Now set x = y and let x go to infinity we see from (1) that $a\geq 0$.

Consider the inequality

$q(t) := 6a t^3 + 2bt^2 \geq d \qquad \qquad (2)$

(2) follows from (1) for all $t\geq0$ by letting $x=y=t\,$. On the other hand, if we let $t=\sqrt{xy}$ then (1) follows from (2) and the arithmetic-geometric mean inequality, $x+y\geq 2t$.

If $a = 0\,$, we find that $b\geq0$ by letting t go to infinity, and this suffices to satisfy (2).

Assume that $a>0\,$. We want to find a condition on d such that (2) is always satisfied. We start by minimizing q(t) for $t\geq 0$, so we set its derivative to 0:

$18at^2 + 4bt = 0\,$
$t_1 = 0,\, t_2 = -\frac{2b}{9a}$

Note that $q(0)=0\geq d$ so only minima greater than 0 need to be considered.

If $b\geq0$, then $t_2\leq0$, so there are no other minima to consider.

If $b<0\,$, then

$q(t_2) = -\frac{16b^3}{243a^2} + \frac{8b^3}{81a^3} = \frac{8b^3}{243a^2} \geq d$

$\frac{8b^3}{243a^2}$ is negative in this case, so this is a stronger condition on d than we already had.

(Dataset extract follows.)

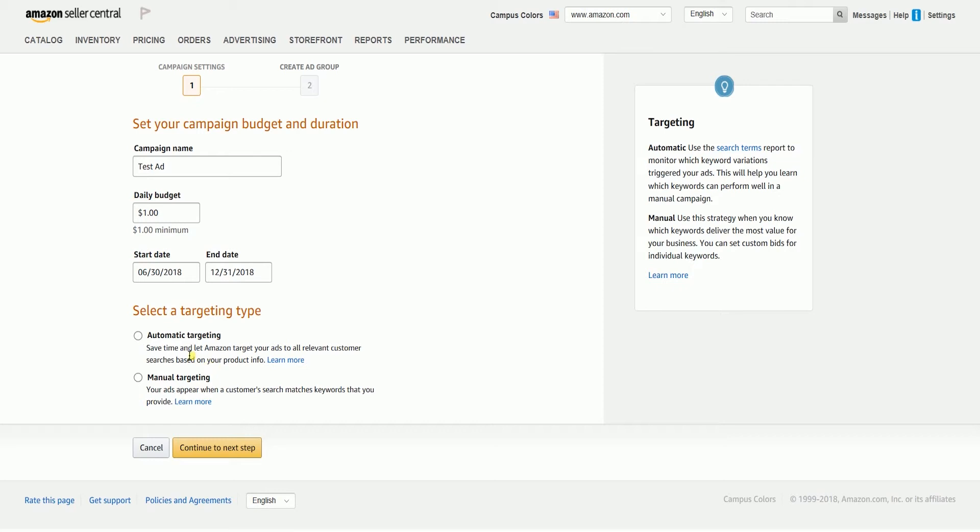For automatic targeting, you're going to let Amazon decide on where the ads will be targeted. But don't worry, they're definitely good at this, in which they're going to target this to relevant customer searches based on your product information.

In summary, p(x) is a polynomial satisfying $p(x+y)\geq p(x)+p(y)$ for all $x,y\geq 0$ in the following cases:

• $a\geq0$, $b\geq 0$ and $d\leq 0$
• $a > 0\,$, $b<0\,$ and $d\leq\frac{8b^3}{243a^2}$

No other possibilities for p(x) exist.